She hadn't surfaced at a public event in nearly half a year. But whatever misgivings she had about appearing in the Arete Awards show in Chicago seemed to fall away as afternoon rehearsals gave way to the evening taping. Her visit as a presenter had been a fiercely guarded secret, so baseball great Hank Aaron was surprised when she strode onto the soundstage unannounced, and ESPN reporter Lesley Visser nudged her co-host, Ahmad Rashad, and whispered, "That's not Monica Seles, is it?" Sonya Bell, the 13-year-old blind gymnast whom Seles had come to honor, turned to Seles later that night and said, "I know it took a lot of courage for you to come here."
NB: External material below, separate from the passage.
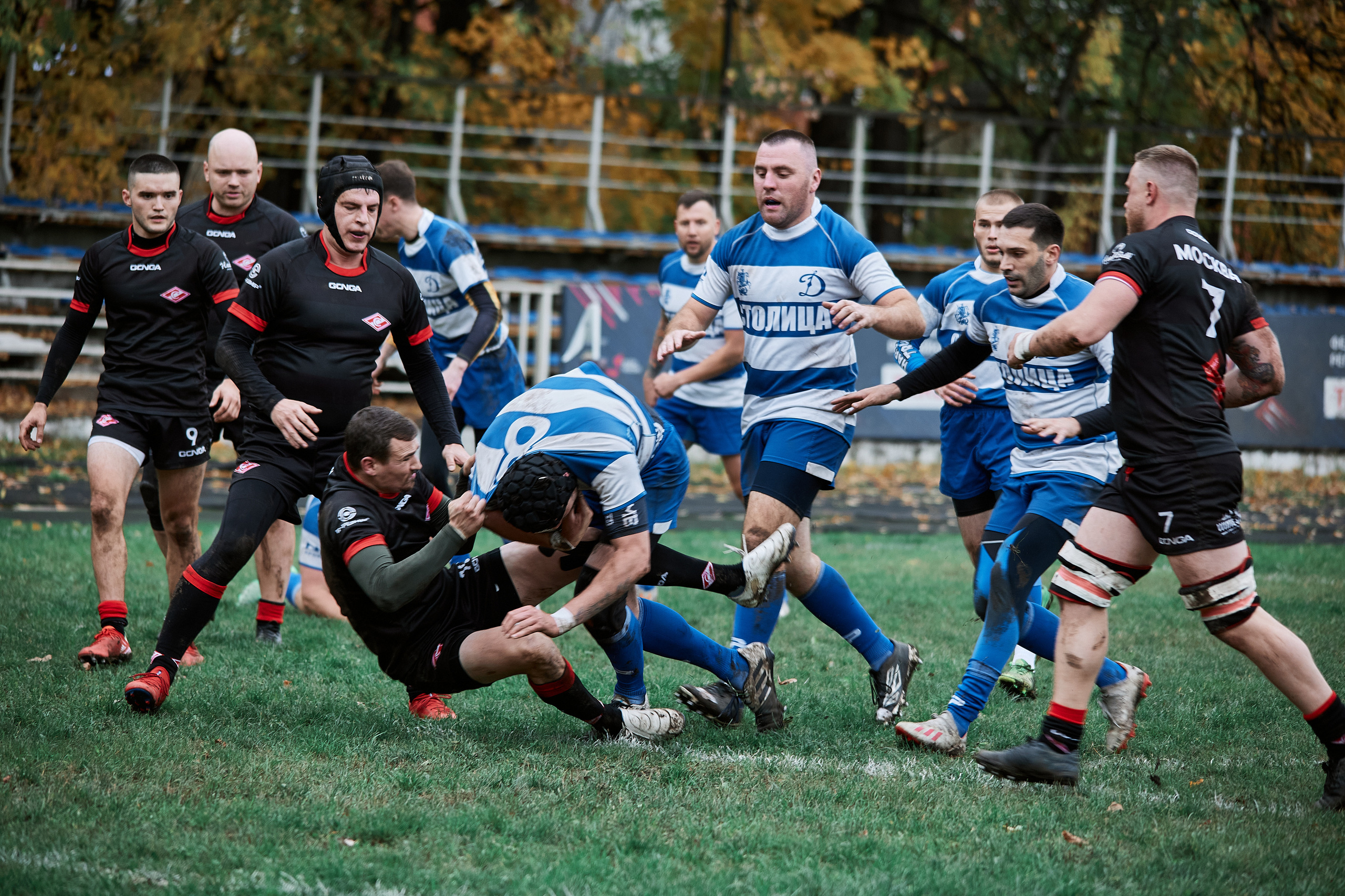 Матч по регби Динамо-Спартак. Репортажный и семейный фотограф Ухова Наталья в Москве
Given Seles's reclusiveness since her stabbing in Hamburg, Germany, two years ago, no detail of her visit had been left to chance. Her transport from the Chicago airport, her seat at a corner table facing the rest of the banquet room, the posting of a bodyguard (one guarding her back), all had been scripted. Seles entered the hall for the presentation of the awards, which honored courage in sports, only after the rest of the crowd had been seated. She was escorted down the aisle during the grand introductions. She was relaxed, even chatty, and everything went marvelously—until Seles and Bell joined the other stars onstage after the show, and members of the audience began abandoning their tables, pressing forward for a handshake, a bit of shouted conversation, perhaps an autograph from one of the celebrities.
"It was a deluge, just a rush of people, and I remember thinking, We didn't talk about that; we didn't practice that," says Bell's coach, Rhonda Bowen. "I could see it bothered Monica a lot. She got a little nervous. She started sweating. Her eyes got a little wide. She was getting very, very uncomfortable. Her manager finally said, 'It's time to go now.' "
That was in November. Seles didn't make another public appearance until last weekend.
If she was pessimistic at all, the thoughts were shoved deep inside her. Rather than acting like someone afraid of what might come down in a day or two in a courtroom half a world away, Monica Seles was acting almost buoyant. She traveled to Williamsburg, Va., last Friday to attend the opening of a tennis center at William & Mary that had been funded by a friend. She made the rounds of banquets and receptions. Then, discarding her past insistence on practicing in solitude, she even smacked some balls around on Sunday morning at William & Mary with a university administrator, apparently unbothered that 10 or 12 people had paused to watch.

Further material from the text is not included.